Questo era dovuto ad un controllo attento di queste organizzazioni che
riuscirono a tutelare in modo abbastanza localista gli interessi delle
maestranza operaie bolognesi. Tale situazione era il prodotto dello sviluppo
industriale locale, che non portò a mutazioni radicali a livello di
organizzazione del lavoro e urbanistico, cosa che avvenne invece in altri
capoluoghi nel nord Italia. Non si vivrà una immigrazione massiccia e vi sarà
sempre una capacità di inter-relazione tra le strutture sindacali ed economiche
cittadine, utilizzando ovviamente il sistema cooperativo. Questa incapacità si
tramuterà in una effimera consistenza per tutte quelle esperienze che si erano
mosse indipendentemente dai sindacati e partiti della sinistra basandosi su un
punto di vista operaio.
Lo
scollamento che si avrà nella rivolta “studentesca” del 77, toccherà
marginalmente il clima nelle fabbriche e ben più importante non seguirà quello
che erano i rapporti di forza tra operai e padroni in quel periodo. La vita
operaia in fabbrica negli anni 80 rispecchierà le evoluzioni del comparto
metalmeccanico a livello nazionale.
In
questi ultimi periodi una risposta indipendente dei lavoratori latita o è
“marginale” come la lotta degli stagionali di recente memoria. E’ cronaca
recente il delirante centenario della FIAT, che è stato propinato anche alla
Weber Magneti Marelli ( industria del gruppo FIAT), e le continue repressioni
che subiscono i lavoratori combattivi, queste sono le ultime per ora......
“La
stessa facilità del lavoro diventa un mezzo di tortura, giacche la macchina non
libera dal lavoro l’operaio, ma toglie il contenuto al suo lavoro”
Affrontare
una ricostruzione tecnica dei passaggi che l’organizzazione del lavoro alla
Weber sarebbe troppo lungo per essere riportata in questo Quaderno, perciò ci
limiteremo ad affrontare il livello di automazione che la fabbrica ha vissuto
negli anni 80-90, cosa utile per decodificare i punti deboli dove poter
intervenire per fare sentire la nostra pressione contro il padrone.
Quando
passò il grosso della cosiddetta “automazione” in Weber le lavorazioni
riguardavano principalmente due prodotti: il carburatore
e il sistema di iniezione.
Questi
due modelli hanno avuto un diverso destino, con un incremento esponenziale dei
sistemi di iniezione.
E’
interessante tuttavia vedere come all’epoca di questa mini rivoluzione in
fabbrica il prodotto che maggiormente “tirava” era il carburatore.
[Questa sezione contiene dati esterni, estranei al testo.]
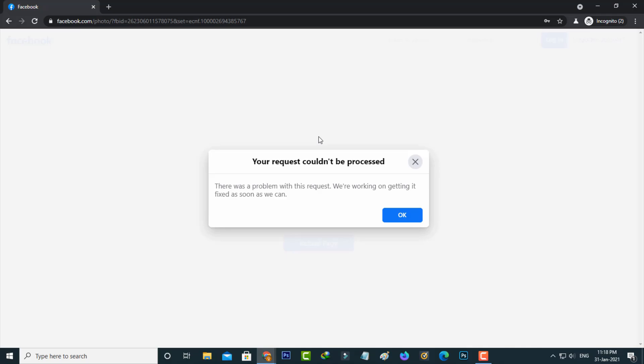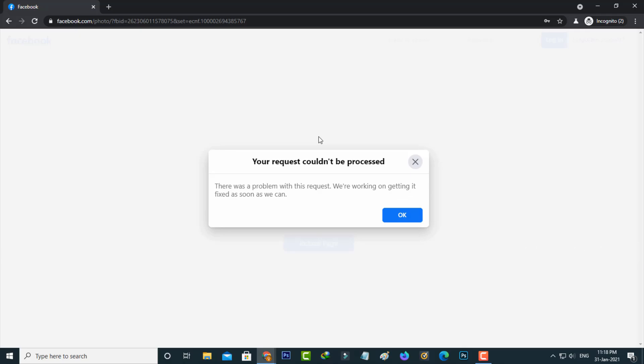Sorry friends, this video does not have a solution but I reported my issue to the Facebook team. I hope they will fix my problem as soon as possible. For more tech videos you can subscribe to my beautiful tech channel TechAns and thanks for watching.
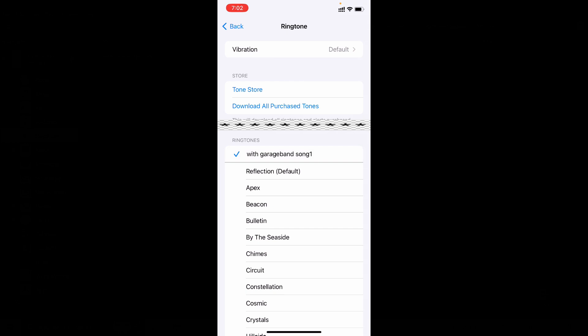It works. This is how you can set any song or music as ringtone without using GarageBand app on iPhone. And if you want to know how to reduce the sound of the ringtone, watch this video. It's the only way you can reduce the ringtone sound.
Tale
prodotto aveva all’epoca una notevole diffusione e la fabbrica aveva delle
buone commesse.
Si
avviò in fabbrica una standarizzazione dei prodotti e una relativa riduzione
dei tempi complessivi di produzione, che determinarono un aumento dei ritmi e
una previsione di quella che sarebbe divenuta la produzione flessibile. A questo
passaggio si legava l’introduzione di tipologie contrattuali flessibili che
potevano assecondare il flusso produttivo. Si avvierà l’introduzione dei
sistemi Cad (nuovi modelli di progettazione che mutavano anche la figura del
porgettatore e del tecnico).
La
parte tuttavia più interessante riguardava il decentramento produttivo per le
prime fasi di lavorazione del prodotto e la parte riguardante il montaggio.
Al
montaggio vi sarà la fine della “linea”(rondò di carrelli) sostituita dal
“modulo”.
Questo
veniva introdotto dall’azienda per i seguenti motivi:
accorciare
i tempi di cambio lavorazione riducendo la giacenza sui carrelli
imporre
una suddivisione rigida e programmata delle operazioni andando ad imporre una
riduzione dei tempi individuali
introdurre
il centro del montaggio robotizzato per le operazioni standard
diminuire
gli scarti
ridurre
ancor di più i tempi eliminando il collaudo a fondo linea
Questo
ovviamente intensificava i ritmi di lavorazione, ma portava gli operai ad avere
rispetto a questa novella rigidità (da lavorazioni fisse a posti di lavoro
fissi e sequenziali) delle armi da adoperare, si potevano facilmente creare dei
“tappi di bottiglia” causando delle assenze improvvise sulle singole
postazioni di lavoro e/o dai diversi livelli di produttività dei lavoratori.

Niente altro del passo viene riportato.